Previously working in a profit industry and being out of touch with a humanitarian environment made me wary, and I questioned myself numerous times if I could be of help to the project, especially since it focuses on the certification process for disaster management, an area I was eager to learn about but was far from understanding. I was very glad this thought was immediately shattered as the team, consisting of Mas Andrew, Excel and Kak Haura, guided me thoroughly. They not only introduced the project and my responsibilities and tasks within this internship, but also explained how a regional organisation/project operates, maintain its relationship with Member States and other stakeholders, as well as how they carry out their mission through various projects within the AHA Centre.

Not long after I joined, I was greeted with ASCEND’s first project, which was the first Assessor Training in Viet Nam, exposing me firsthand to a regional project’s preparation prior to an event. Although I didn’t attend the training myself, I had a very strong sense of belonging as I was included in every step of the event, an amenity I continued to feel throughout my internship period. Soon after this event concluded, I was greeted with the project’s next event, which was the Benchmarking Visit to the Republic of Korea. Even though the logistical and administrative work were similar to the previous event, the objective was different, and I got to be more involved in the development of its handbook to facilitate the visit.

Upon completing the Benchmarking Visit, I was again greeted by the project’s final big event of the year, the ASCEND Certification Trial Simulation and Evaluation Workshop. It was around this time that my understanding of the project and its objectives became more solid. The prior activities, such as the Assessor Training, the development of the toolbox and its competency standards, as well as the continuous efforts to improve the process through discussions with relevant parties, served as significant steps for this event. My responsibilities grew more diverse, and I was glad to carry out different tasks and become more involved in its logistical and administrative work, which proved to be a crucial process to ensure smooth implementation. I was very delighted and proud to end my internship with such an inspiring event and had the chance of working alongside hard-working, kind, and supportive people.
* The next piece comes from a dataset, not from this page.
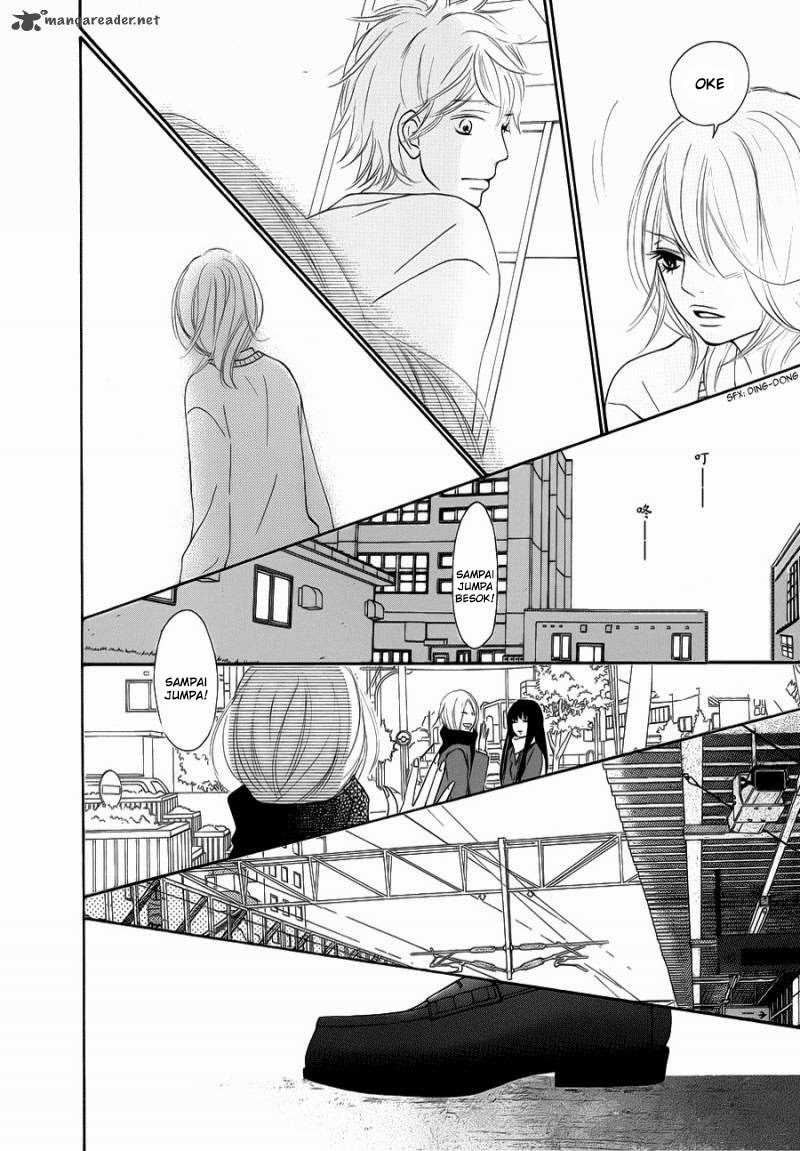 Kimi ni Todoke Chapter 60 Indonesia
If I had to describe my internship experience using one word, it would be FUN. The word itself is often associated with an easy-going picture of life, but for me, through what seemed like a roller coaster ride and quakes (literally) of lessons and experiences, I was able to enjoy every second of it and still crave more. Balancing my studies with my internship was challenging, but the ASCEND Project Management Team (PMT) made it easy and was very supportive as they provided me with the flexibility to attend and focus on both without jeopardising the other. This was also the word I used to describe ASCEND’s fifth Project Steering Committee (PSC) Meeting, an occasion I was honoured to be involved in and attend, which provided me with knowledge on how regional forums are conducted, and I was also very impressed to learn a new language. English was spoken – however, I realised how communications used within this setting is always geared towards positivity and encouragement, a significant tool to achieve collective development and progress, which resulted in fruitful discussions and inputs.
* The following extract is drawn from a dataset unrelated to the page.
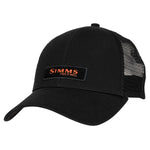 Simms Small Fit Fish It Well Forever Trucker - Black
People go through different experiences to understand and find meaning in the work they do, and for me, this internship brought it back from a deep slumber. It was here that I discovered how my studies are not just a shortcut to improve someone’s social welfare or achieve a better quality of life. It is an elaborate and comprehensive process of planning, identifying issues and potentials, designing growth and development strategies, and having a well-thought-out implementation and evaluation and monitoring process of its activities and objectives to achieve social welfare as its ultimate goal. For the ASCEND project, the goal is improving people’s lives by providing competent experts and professionals to facilitate disaster management activities. It has shown me that social change takes time because the goal is the development of human capital through capacity building, a valuable investment for the people, which I was very fortunate to be able to witness and experience through my internship for the ASCEND Project at the AHA Centre.